Employers Using Criminal Background Checks Should Comply With the FCRA: Part II

Part One of this article analyzed whether employers who use criminal background checks as part of their hiring practice must comply with the Federal Fair Credit Reporting Act (“FCRA”).  Employers who obtain “consumer reports” from a “consumer reporting agency” are well advised to do so.  But how?

Employers who use criminal background checks as part of the hiring process should take the following actions to comply with the FCRA:

  • The Employer must make a clear, conspicuous, written disclosure notifying the individual that a consumer report may be obtained for employment purposes.
  • The disclosure must be in a document consisting solely of the disclosure.
  • The individual must authorize the procurement of the report in writing.
  • The Employer may then request a report from its preferred reporting agency, but must certify to that agency that the Employer has made the required disclosure to the individual, secured the required authorization from that individual, and that it will not use the report in violation of any equal employment opportunity law.
  • If the Employer then wishes to take adverse employment action based in any way on that report, the Employer must first provide the individual with a copy of the report and a description in writing of the individual’s rights under the FCRA.  Those rights include an opportunity to correct inaccurate or erroneous information contained in the credit report by reporting inaccuracies to the credit reporting agency that produced the report.
  • After the Employer takes the adverse action, it must give the individual notice (strongly recommend in writing) that the action has been taken.

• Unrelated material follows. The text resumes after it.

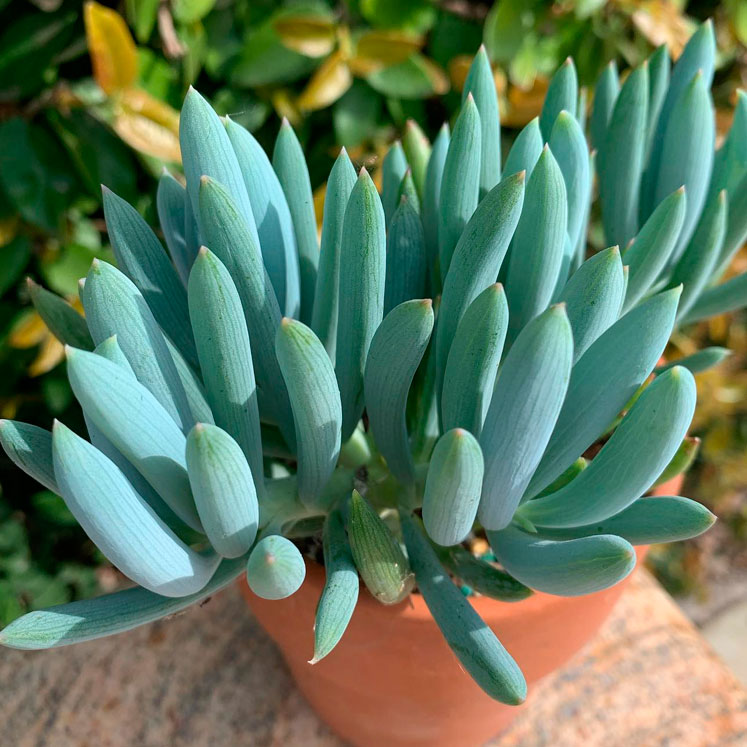 Curio repens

 Local employers should also be aware that Maryland, Virginia and the District of Columbia prohibit employers from asking applicants and employees whether they have ever been arrested, except in limited circumstances.  National employers must understand the local laws governing inquiries into arrest information before they engage that as part of the hiring process. 

Employers, and specifically HR professionals are well advised to review the FCRA in full, then review their hiring practices with counsel to ensure compliance.